Aircraft observations since the 1990s reveal increases of tropospheric ozone at multiple locations across the Northern Hemisphere
Study key findings & significance
- The study finds that tropospheric ozone levels have increased considerably above the Northern Hemisphere.
- The researchers looked at 34,600 ozone profiles captured by commercial aircraft from 1994 to 2016.
- Earlier studies could not reach a solid conclusion regarding ozone trends in the Northern Hemisphere. This was because there are not many long-term monitoring sites and the latest satellites with near-global coverage have given contradictory outcomes relating to ozone trends.
- The team observed an overall increase in ozone levels in all the regions where they investigated, including two in the tropics, two in the subtropics, three equatorial areas, and four in the mid-latitudes. There was a 5% increase in median ozone values on average for every 10 years.
- The highest increase in ozone levels occurred in the tropics and ozone exported from the tropics could be driving increased ozone levels above other regions of the Northern Hemisphere.

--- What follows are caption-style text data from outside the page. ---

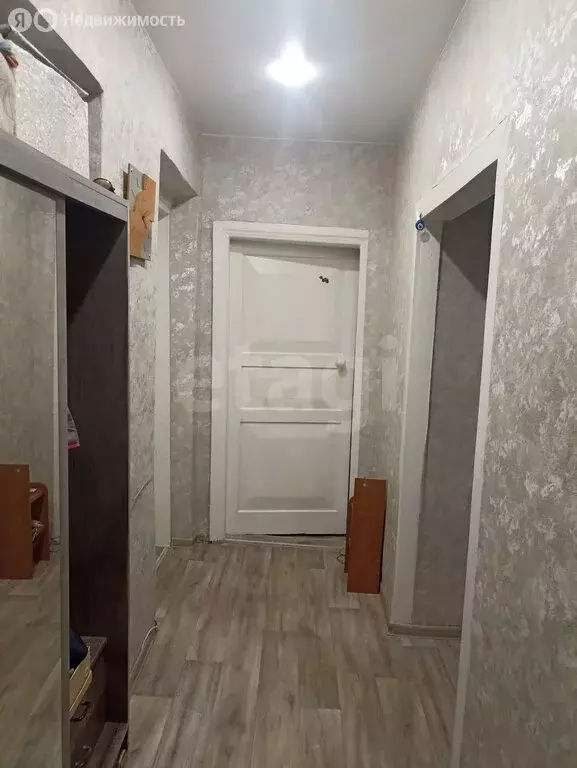 2-комнатная квартира: Кемерово, улица Черняховского, 10 (48 м) - Фото 1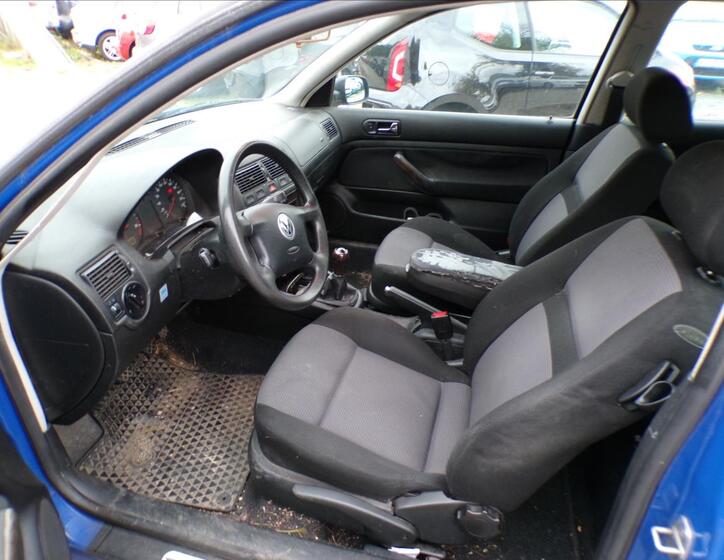 Volkswagen Golf 9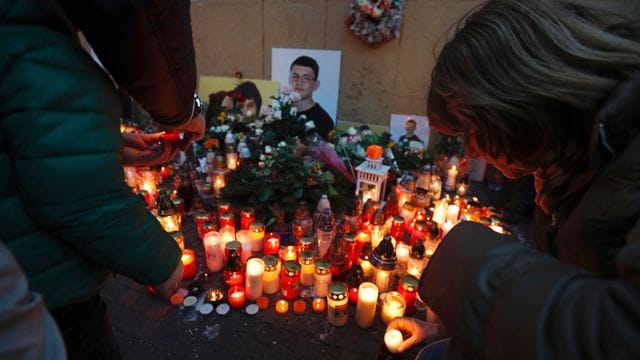 Brennende Kerzen zu Ehren des ermordeten Enthüllungsjournalisten Jan Kuciak und seiner Verlobten Martina Kusnirova. Brennende Kerzen zu Ehren des ermordeten Enthüllungsjournalisten Jan Kuciak und seiner Verlobten Martina Kusnirova.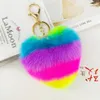 Cœur Pompoms Keychain Rainbow Balles en peluche Chaînes Pendre décoratif pour femmes Accessoires de sacs Kelechains Car Course de mode Carrise287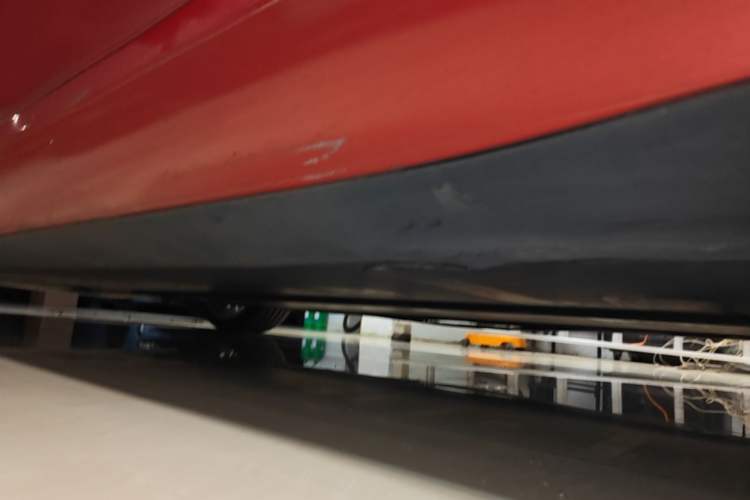 Used Tesla Model 3 2021 Performance High-Performance All-Wheel-Drive Version Left Side Sill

- The researchers also observed that in the lower troposphere—that is, the atmospheric layer closest to the surface of the Earth—ozone levels had reduced above certain mid-latitude areas, such as the United States and Europe, where emissions of ozone precursors have reduced. These reductions were compensated by increased ozone trends higher in the troposphere—with the net outcome being an overall increase in ozone levels from the surface to 12 km.
Author quotes
Since 1994, IAGOS has measured ozone worldwide using the same instrument on every plane, giving us consistent measurements over time and space from Earth’s surface to the upper troposphere.

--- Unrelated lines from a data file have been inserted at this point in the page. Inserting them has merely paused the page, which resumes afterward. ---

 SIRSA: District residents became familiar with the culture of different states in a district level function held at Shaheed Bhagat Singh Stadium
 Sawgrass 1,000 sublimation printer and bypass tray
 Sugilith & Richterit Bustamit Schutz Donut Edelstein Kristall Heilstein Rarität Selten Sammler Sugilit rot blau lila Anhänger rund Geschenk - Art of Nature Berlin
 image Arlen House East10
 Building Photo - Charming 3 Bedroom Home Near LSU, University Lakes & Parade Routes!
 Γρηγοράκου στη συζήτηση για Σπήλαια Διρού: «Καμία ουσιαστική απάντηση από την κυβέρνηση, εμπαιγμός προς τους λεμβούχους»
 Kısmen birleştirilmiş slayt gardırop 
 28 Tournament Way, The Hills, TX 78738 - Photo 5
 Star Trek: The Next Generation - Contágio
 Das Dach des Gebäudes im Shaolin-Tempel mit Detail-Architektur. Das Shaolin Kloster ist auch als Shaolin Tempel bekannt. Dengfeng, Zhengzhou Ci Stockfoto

Audrey Gaudel, Study Lead Author and Scientist, NOAA Chemical Sciences Laboratory, Cooperative Institute for Research in Environmental Sciences
Abstract
Tropospheric ozone is an important greenhouse gas, is detrimental to human health and crop and ecosystem productivity, and controls the oxidizing capacity of the troposphere. Because of its high spatial and temporal variability and limited observations, quantifying net tropospheric ozone changes across the Northern Hemisphere on time scales of two decades had not been possible. Here, we show, using newly available observations from an extensive commercial aircraft monitoring network, that tropospheric ozone has increased above 11 regions of the Northern Hemisphere since the mid-1990s, consistent with the OMI/MLS satellite product. The net result of shifting anthropogenic ozone precursor emissions has led to an increase of ozone and its radiative forcing above all 11 study regions of the Northern Hemisphere, despite NOx emission reductions at midlatitudes.